4. Exemption from the probation requirement for any labor contract of which the term is less than 1 month
According to existing regulations, only employees signing seasonal labor contracts are exempted from the probation requirement by default. From 2021, the probation requirement for any labor contract of which the term is less than 1 month will not be applied.
5. Additional regulations on the probationary duration
Additional regulations prescribe that each probation lasts for the maximum duration of 180 days with regard to employees hired to hold corporate administration positions as provided in the Law on Enterprises, or the Law on Management and Use of State Capital Investments in Enterprises.
6. Additional cases of temporary deferral of labor contracts
There are more 4 cases in which employees are entitled to deferral of their labor contracts, including:
- Employees are called up for military or militia or self-defence service;
- Employee are appointed as managers of single-member limited liability companies of which charter capital is wholly owned by the State.

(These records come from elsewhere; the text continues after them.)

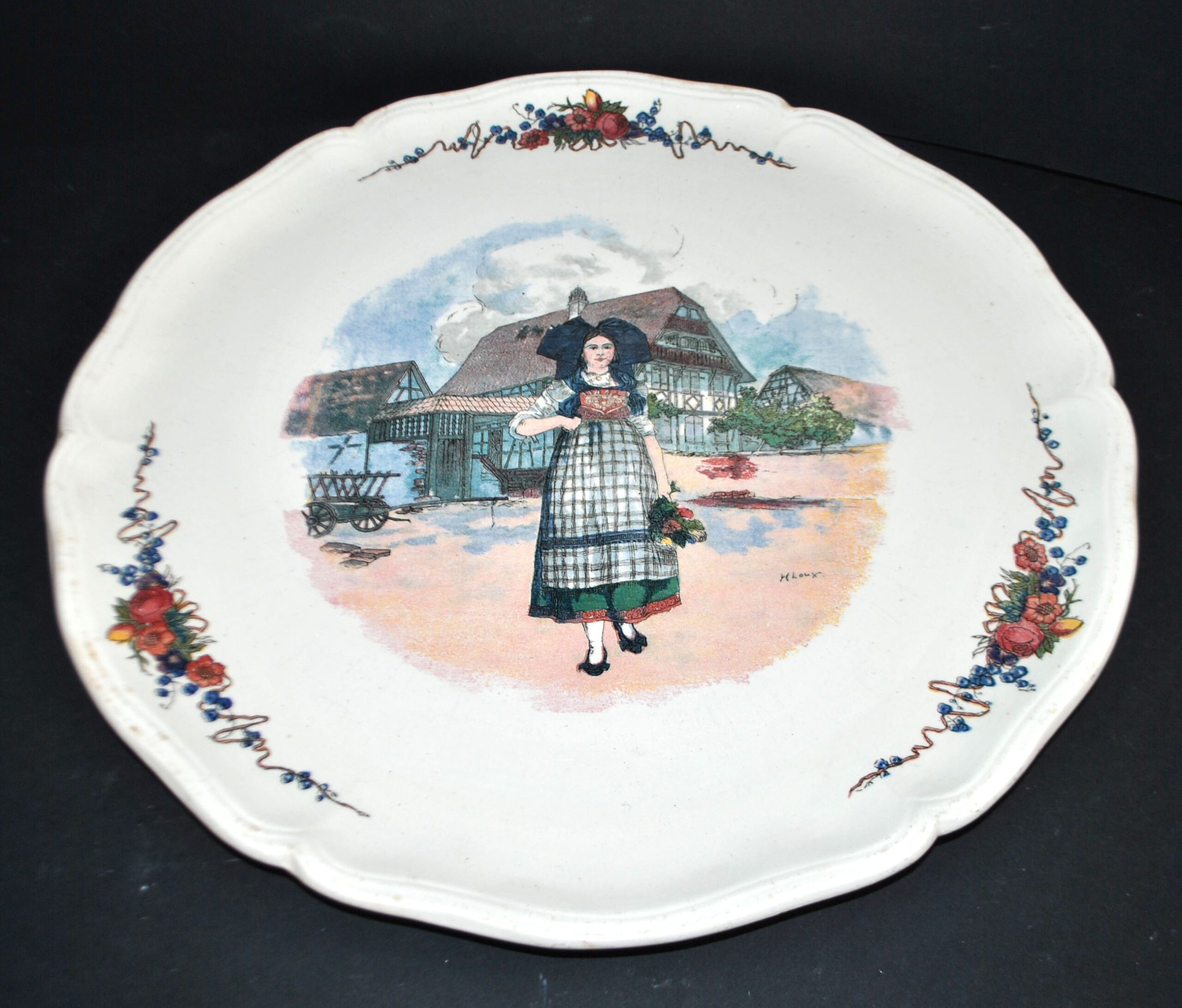 SARREGUEMINES Plat à tarte en faïence ALSACE décor "Obernai" Loux 34cm – Image 2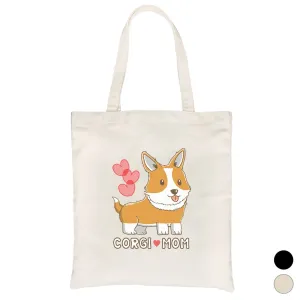 Corgi Mom Canvas Shoulder Bag Cute Gift For Corgi Owners Tote Bag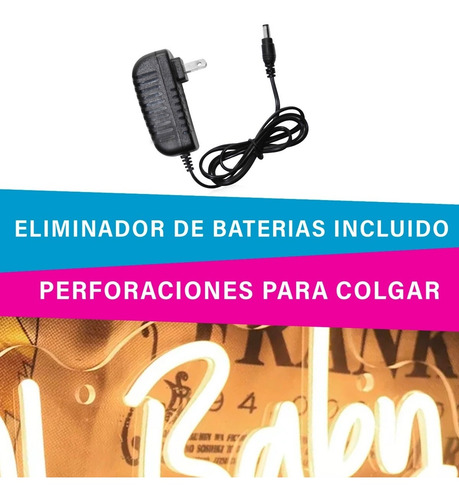 Letrero Led Neon Nombre 80 X 50 Cm Color A Elegir 7 Letras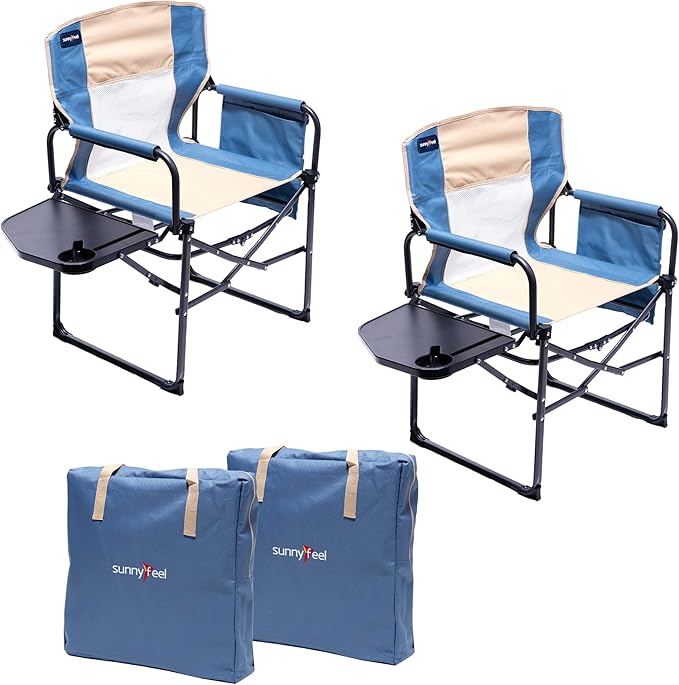 SUNNYFEEL Camping Directors Chair, Heavy Duty,Oversized Portable Folding Chair with Side Table, Pocket for Beach, Fishing,Trip,Picnic,Lawn,Concert Outdoor Foldable Camp Chairs SunnyFeelCamping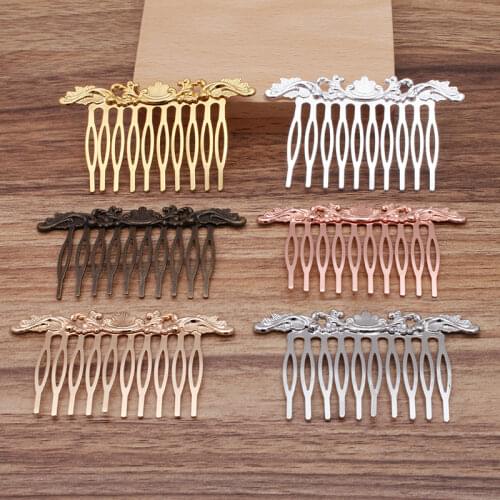 6 Colors Hair Comb Jewelry Charm Women Flower Motif Hairpin Hairclips Barrettes Retro Fashion Hair Wear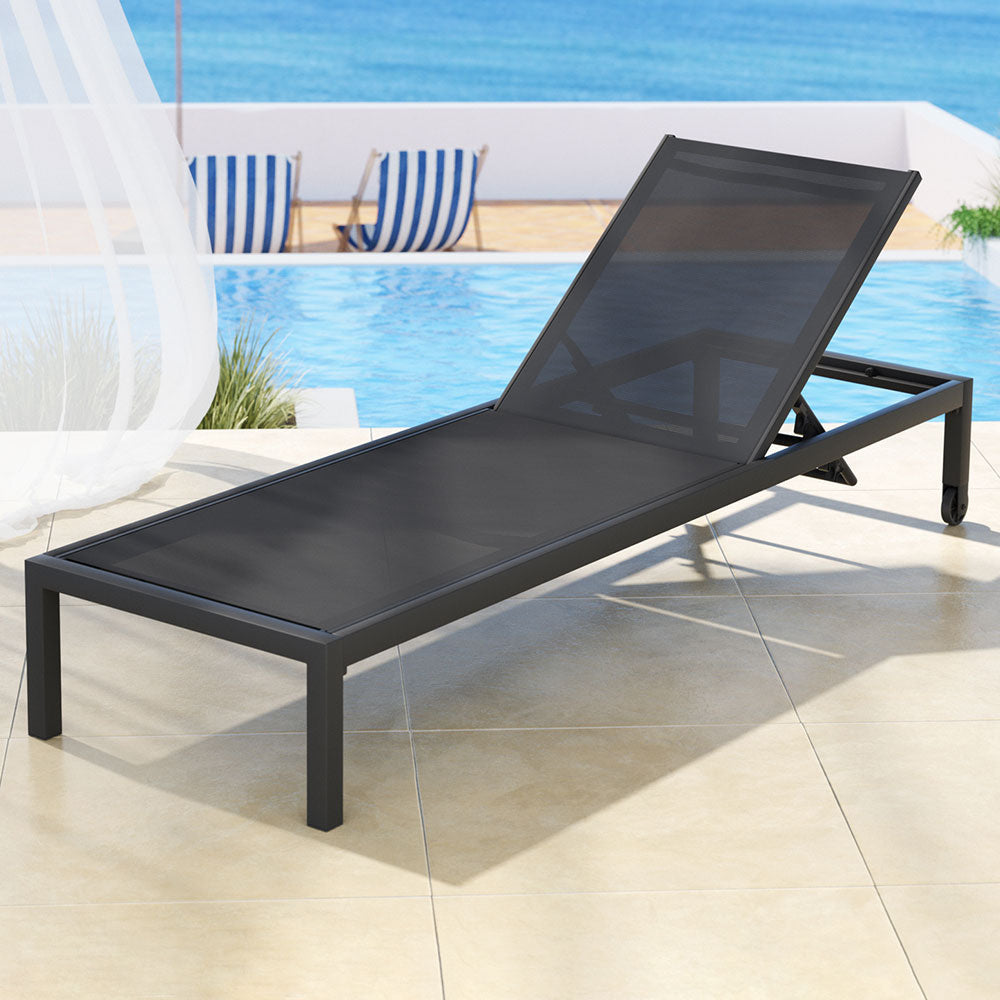 Sun Lounge Outdoor Lounger Aluminium Folding Beach Chair Wheels Black Furniture Fast shipping On sale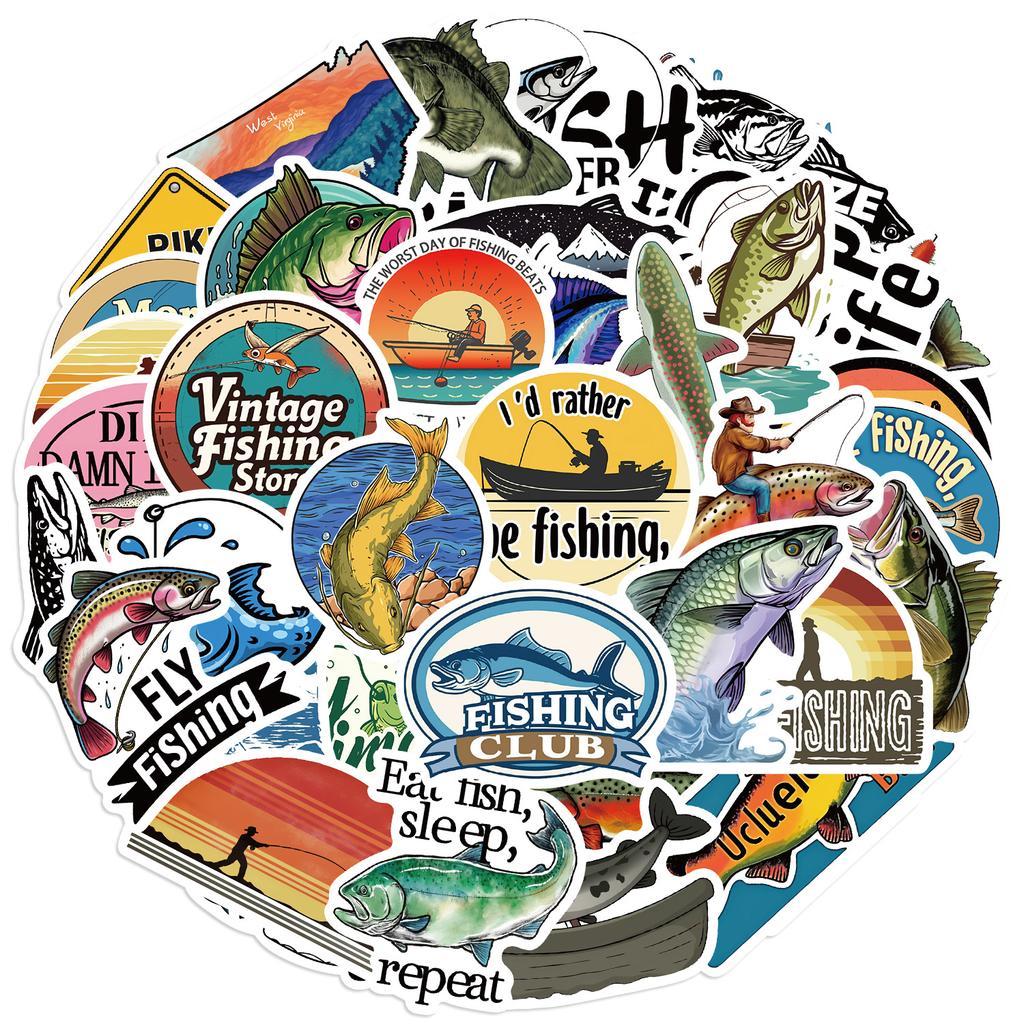 50 Cartoon Fishing Fishing Graffiti Stickers Decorative Guitar Notebook Suitcase DIY Waterproof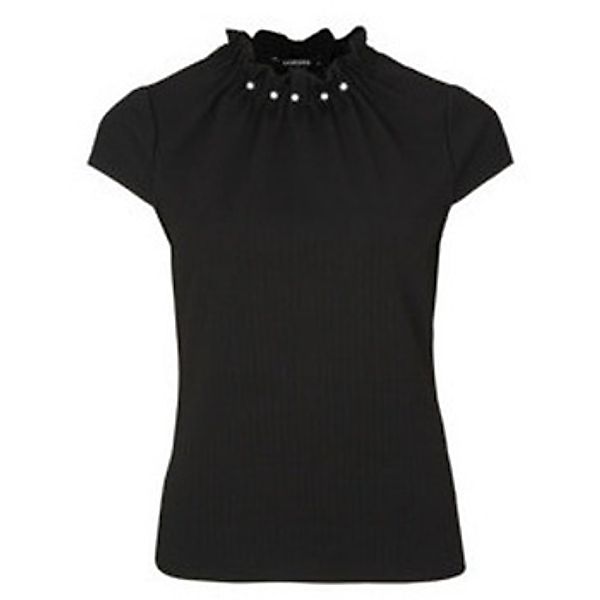 Comma  Blusen Rundhals T-Shirt für Damen in schwarz günstig online kaufen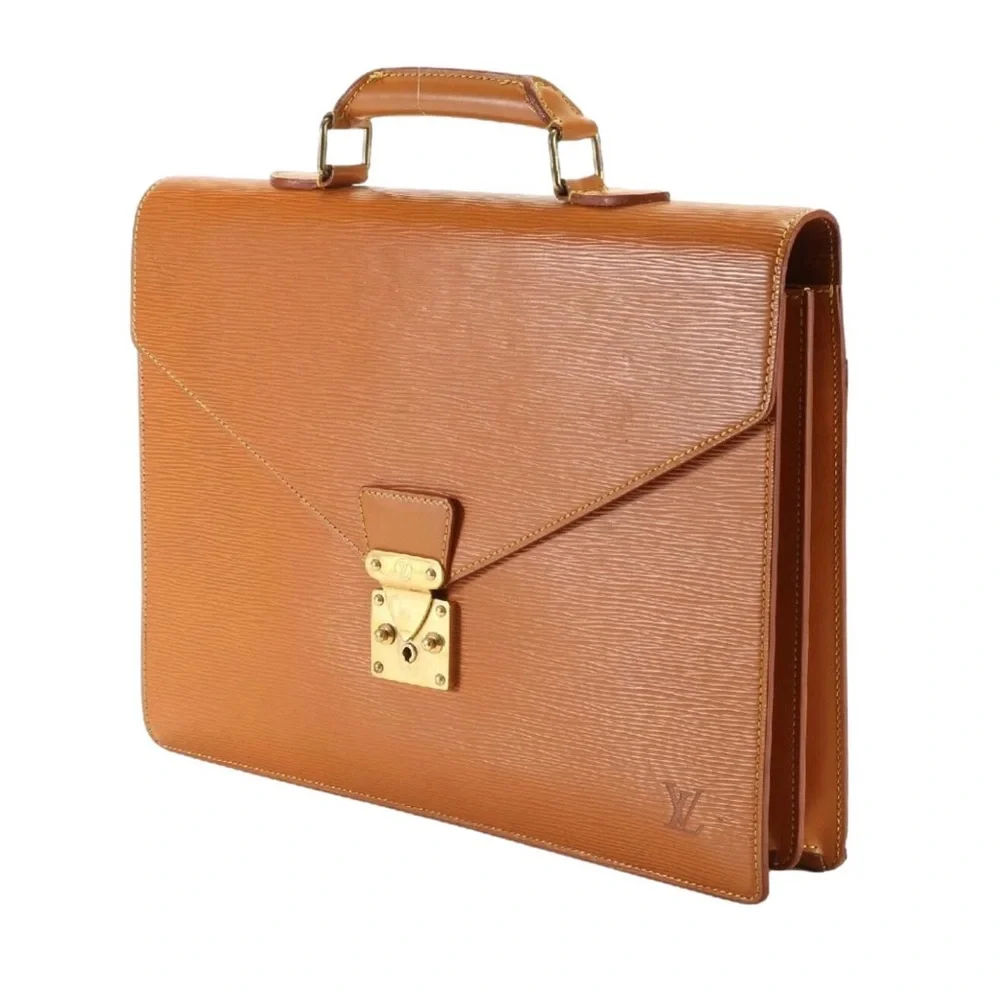 LOUIS VUITTON Ambassador Business Briefcase Cipango Gold Epi Leather Laptop Bag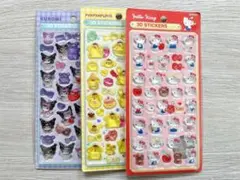 サンリオ キティ　クロミ　ポムポムプリン　うるちゅる立体3Dステッカー 3枚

- Employees are authorized to implement rights and responsibilities of representatives of owners of state capital invested in enterprises.
- Employees are authorized to implement rights and responsibilities on behalf of their employing enterprises with respect to their shares of capital invested in other enterprises.
7. Employees may unilaterally terminate their contracts without cause
- In the 2012 Labor Code, if any employee entering into a fixed-term labor contract wishes to unilaterally terminate his/her labor contract, he/she must give causes as provided in clause 1 of Article 37 in the 2012 Labor Code and meet requirements concerning prior notice period.
- In the 2019 Labor Code, any employee may unilaterally terminate an labor contract without cause provided that he/she meets requirements concerning prior notice period as prescribed in clause 1 of Article 35 (except in cases where prior notice is not required).
8. Additional regulations on cases where employees have the right to unilaterally terminate labor contracts without prior notice
The 2019 Labor Code prescribes special cases where employees are not required to give prior notice, including:
- They have not held agreed-upon job positions or work at predetermined addresses; are not assured of agreed working conditions, unless otherwise prescribed in Article 29 in this Code;
- They have not been paid wages or salaries in full or have been paid late, unless otherwise prescribed in clause 4 of Article 97 in this Code;
- They are maltreated, hit, or are victims of insulting words or acts or other acts affecting their health, dignity and self-respect; are victims of labor coercion;
- They suffer from sexual harassment at workplace;
- Pregnant female employees have to stop working as provided in Article 156 of this Code;
- They are at retirement age as provided in Article 169 in this Labor Code, unless otherwise agreed upon between contracting parties;
- Employers provide false information in breach of clause 1 of Article 16 in this Labor Code, affecting implementation of labor contracts.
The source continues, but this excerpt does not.